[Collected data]
=-=-=-=-=
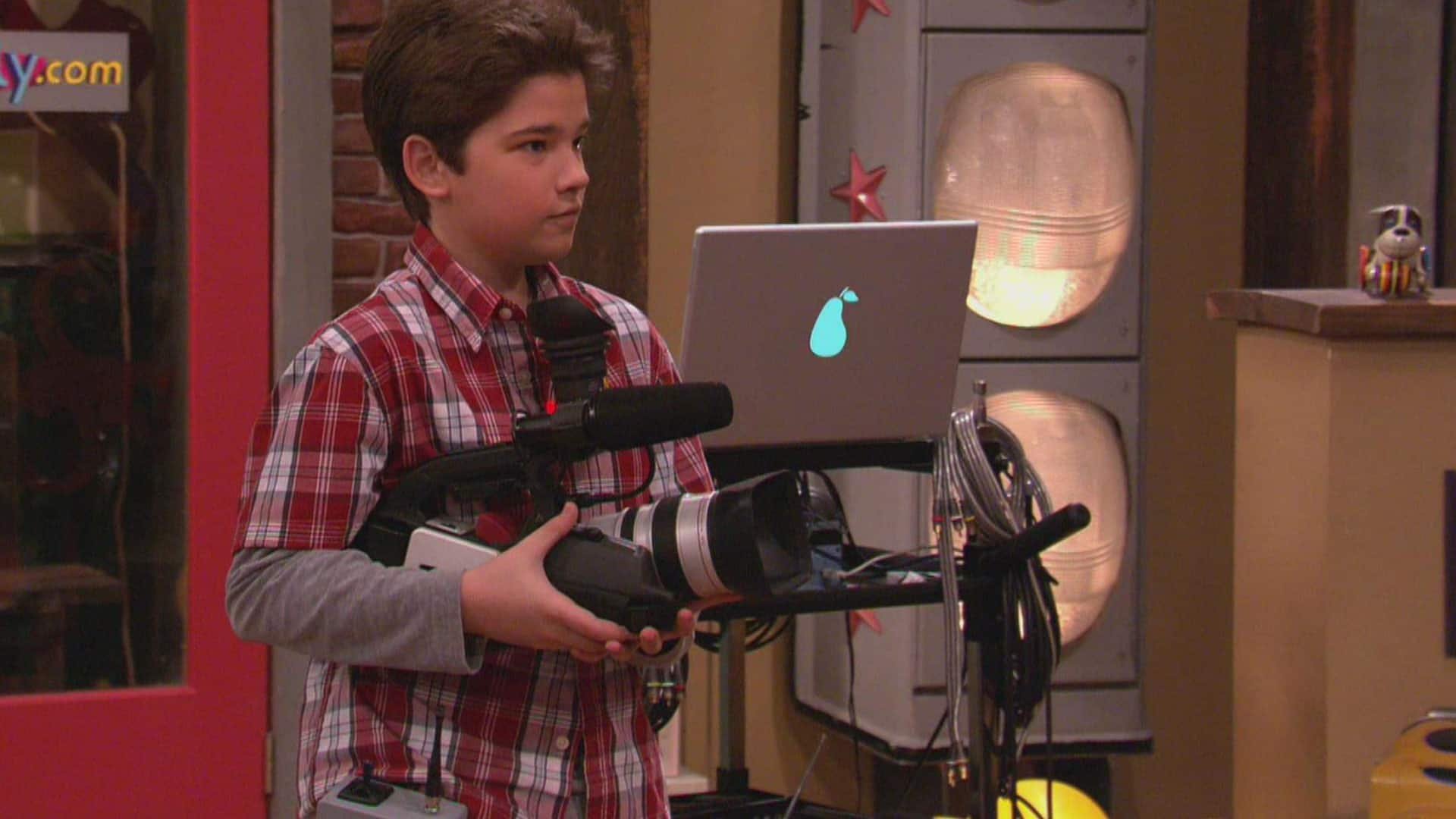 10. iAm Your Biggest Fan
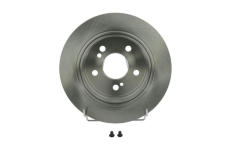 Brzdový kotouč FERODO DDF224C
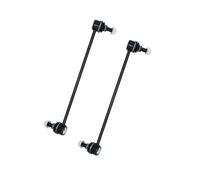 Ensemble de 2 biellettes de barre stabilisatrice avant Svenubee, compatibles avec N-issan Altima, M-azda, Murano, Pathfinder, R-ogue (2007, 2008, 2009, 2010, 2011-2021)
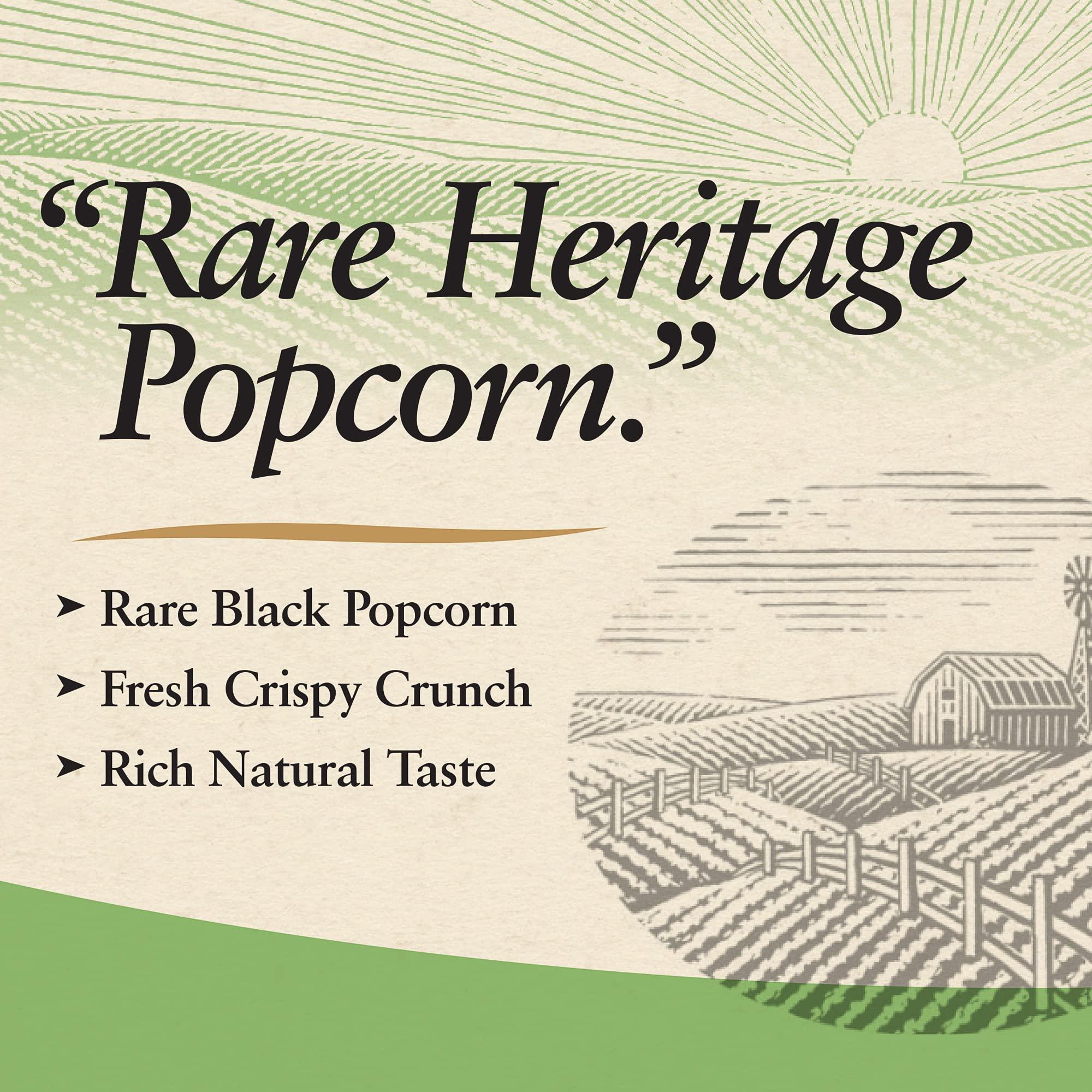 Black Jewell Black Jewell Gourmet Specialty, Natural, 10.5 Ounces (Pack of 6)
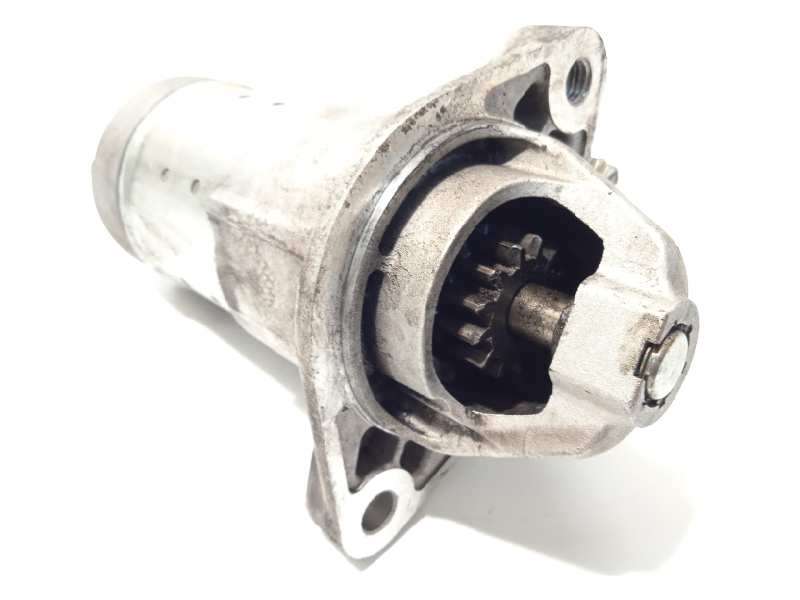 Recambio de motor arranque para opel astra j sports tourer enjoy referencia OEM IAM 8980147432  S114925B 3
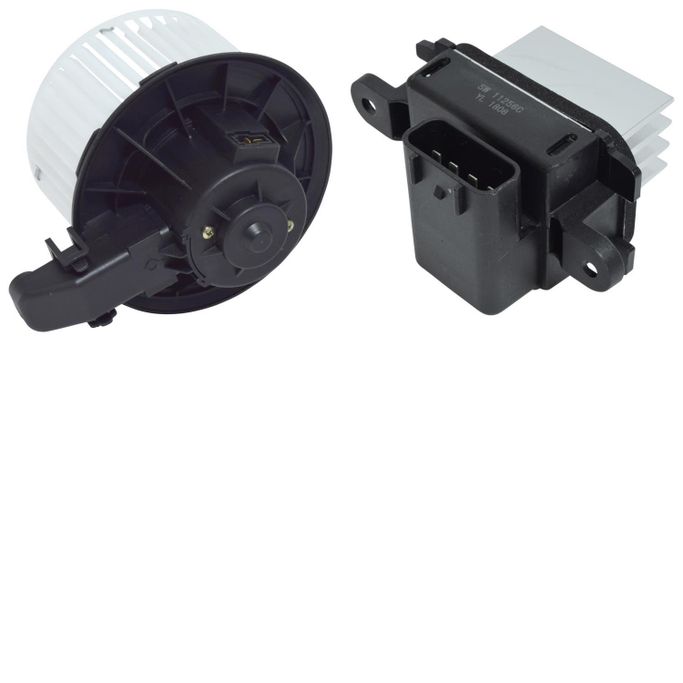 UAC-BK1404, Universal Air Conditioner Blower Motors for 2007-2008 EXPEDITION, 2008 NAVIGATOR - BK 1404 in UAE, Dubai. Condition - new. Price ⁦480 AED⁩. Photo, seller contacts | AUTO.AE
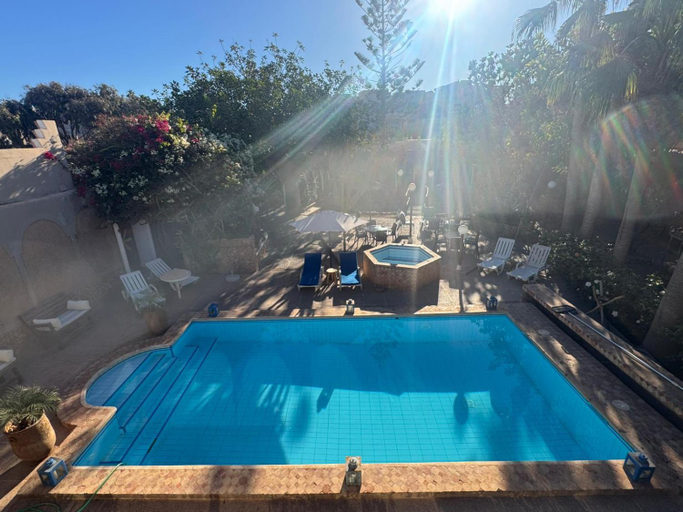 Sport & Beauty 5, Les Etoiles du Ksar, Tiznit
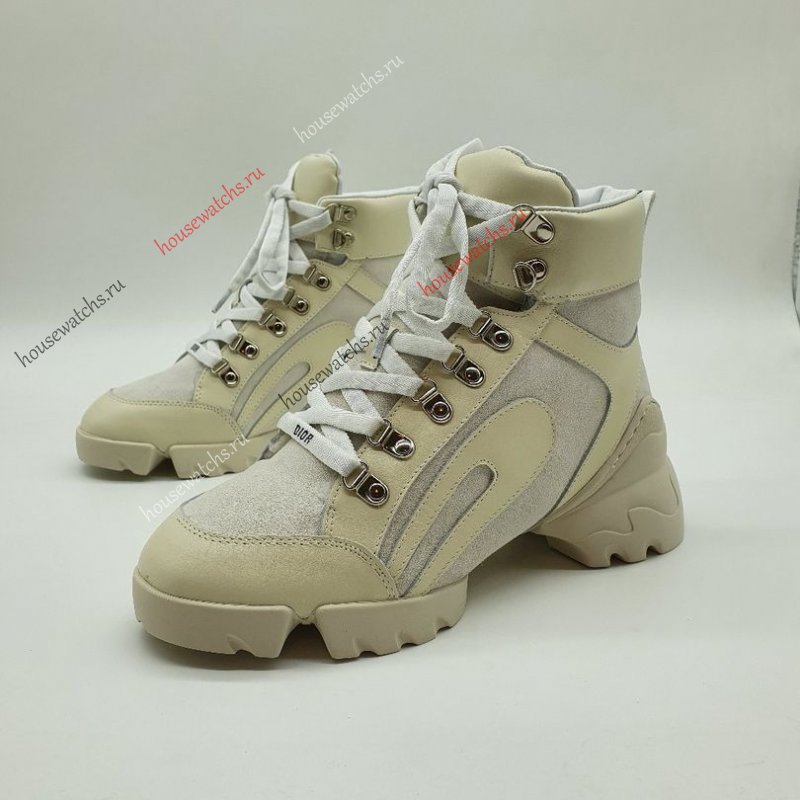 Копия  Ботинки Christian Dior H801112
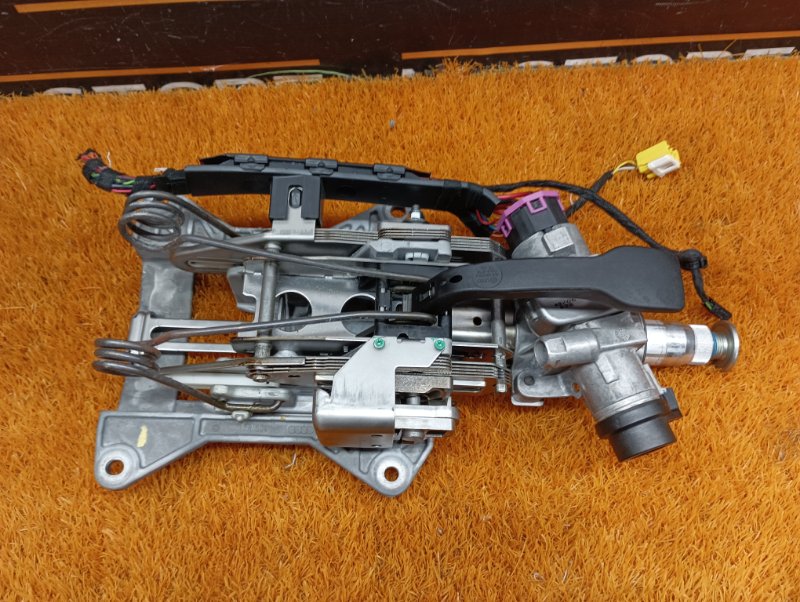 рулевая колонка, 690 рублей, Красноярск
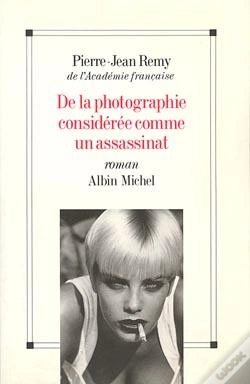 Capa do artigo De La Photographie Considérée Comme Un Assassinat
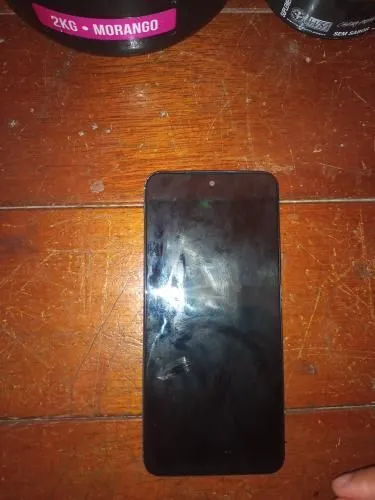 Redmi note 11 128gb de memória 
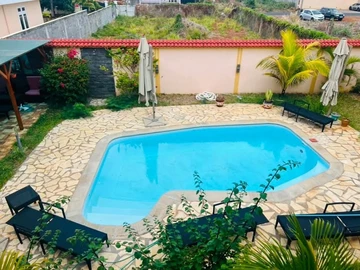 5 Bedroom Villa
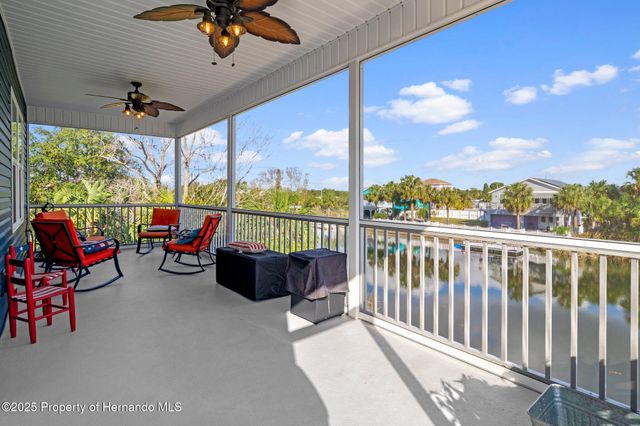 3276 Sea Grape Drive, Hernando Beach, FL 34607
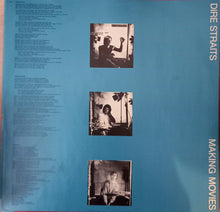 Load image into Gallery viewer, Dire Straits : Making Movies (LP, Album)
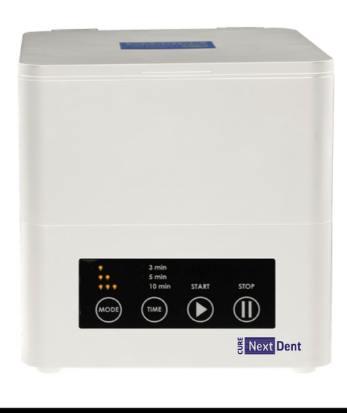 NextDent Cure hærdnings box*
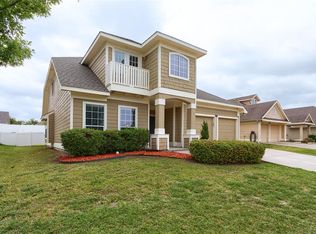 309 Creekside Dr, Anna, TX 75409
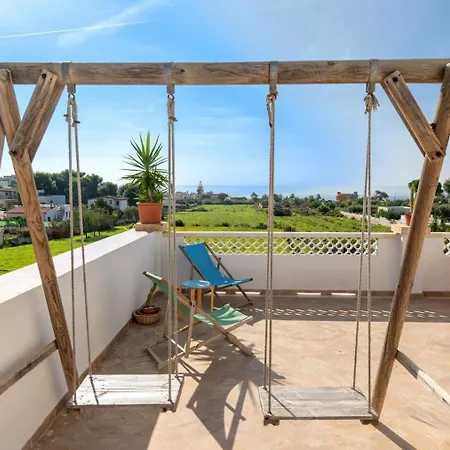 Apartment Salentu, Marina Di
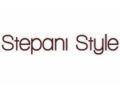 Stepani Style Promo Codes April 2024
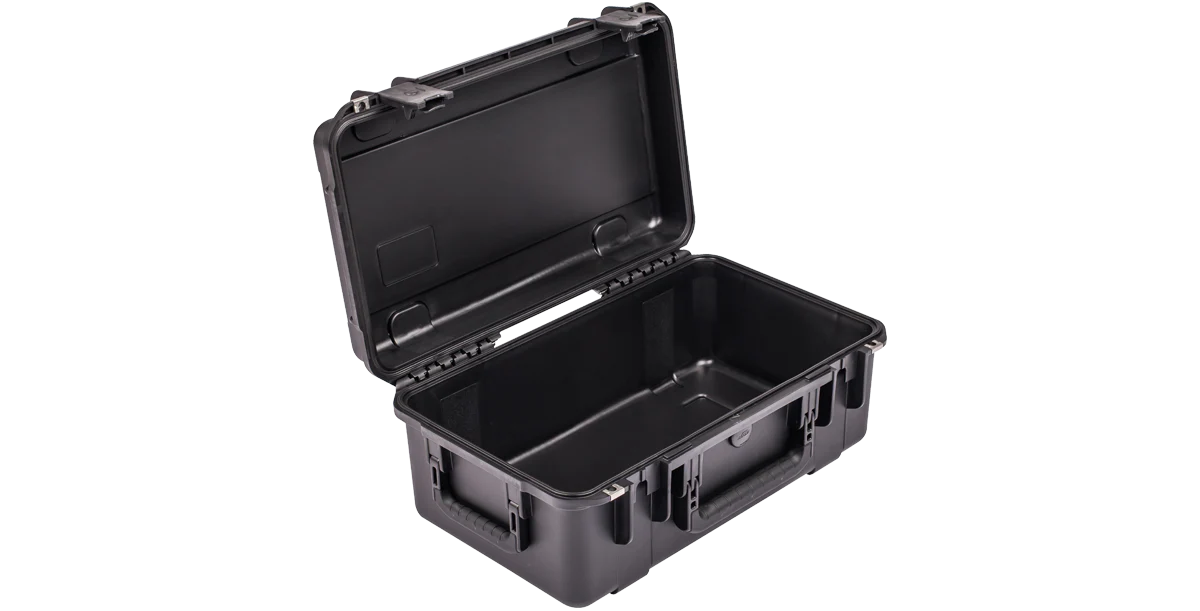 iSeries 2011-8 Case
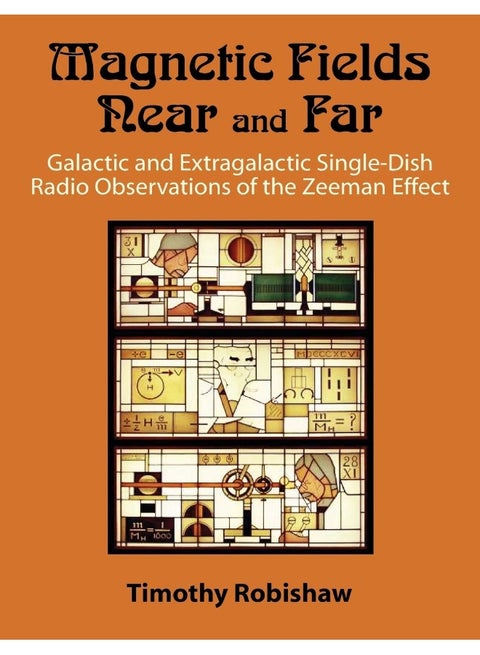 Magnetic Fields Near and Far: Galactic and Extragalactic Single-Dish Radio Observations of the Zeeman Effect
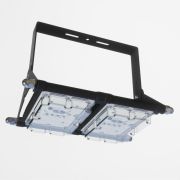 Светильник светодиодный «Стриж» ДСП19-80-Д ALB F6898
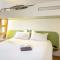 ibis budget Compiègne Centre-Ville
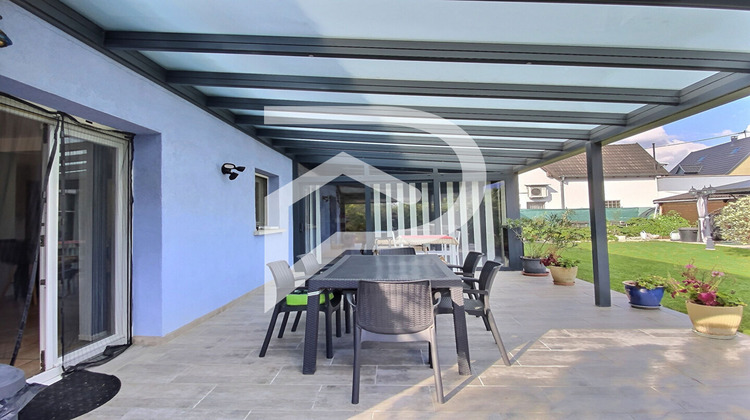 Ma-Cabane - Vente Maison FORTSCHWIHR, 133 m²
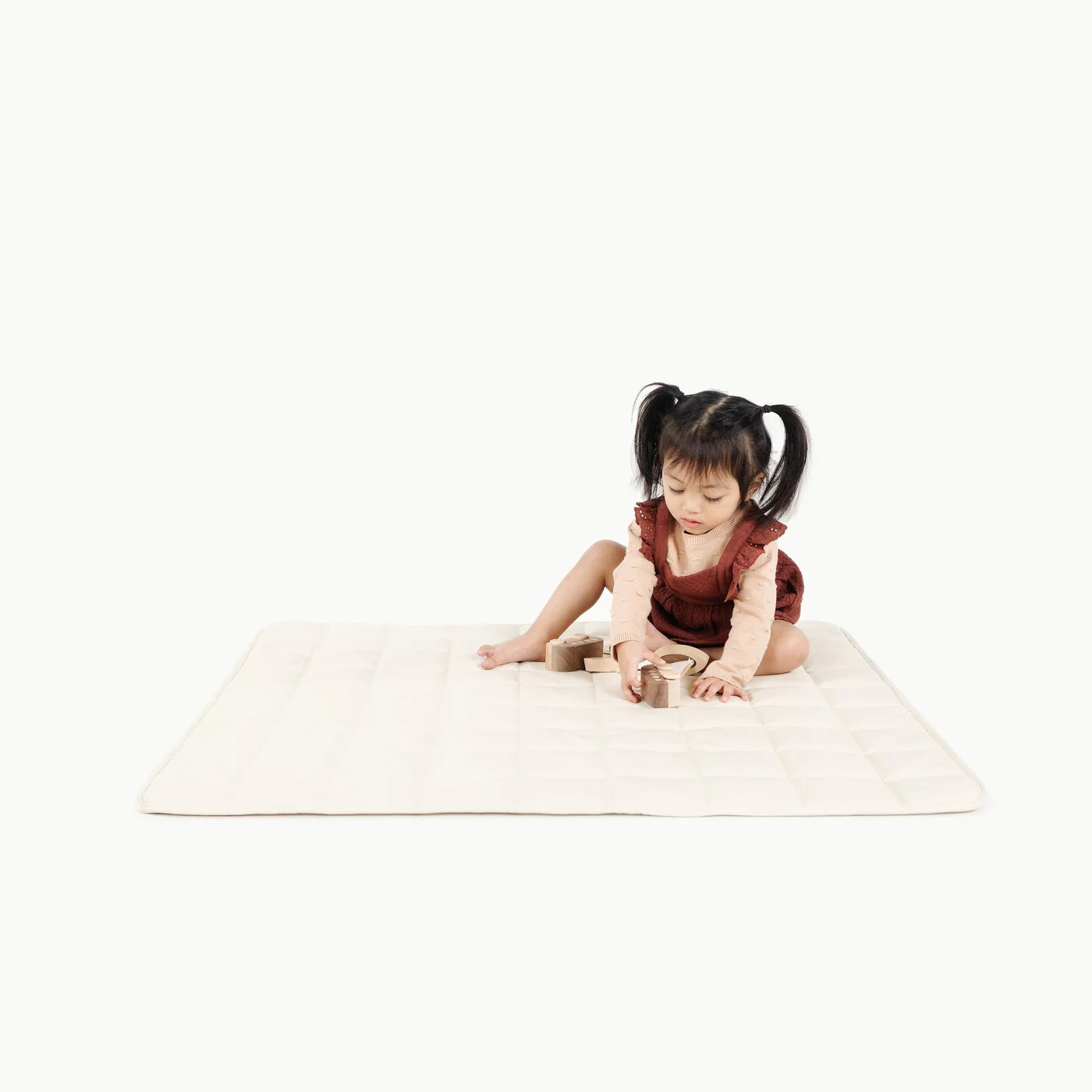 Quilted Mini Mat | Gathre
=-=-=-=-=
### Prompt
Only one thing is wanted here, an exact copy of the lines from the first line above through the line containing "Recambio de motor", minus any picture.

### Output for this task
 10. iAm Your Biggest Fan
 Brzdový kotouč FERODO DDF224C
 Ensemble de 2 biellettes de barre stabilisatrice avant Svenubee, compatibles avec N-issan Altima, M-azda, Murano, Pathfinder, R-ogue (2007, 2008, 2009, 2010, 2011-2021)
 Black Jewell Black Jewell Gourmet Specialty, Natural, 10.5 Ounces (Pack of 6)
 Recambio de motor arranque para opel astra j sports tourer enjoy referencia OEM IAM 8980147432  S114925B 3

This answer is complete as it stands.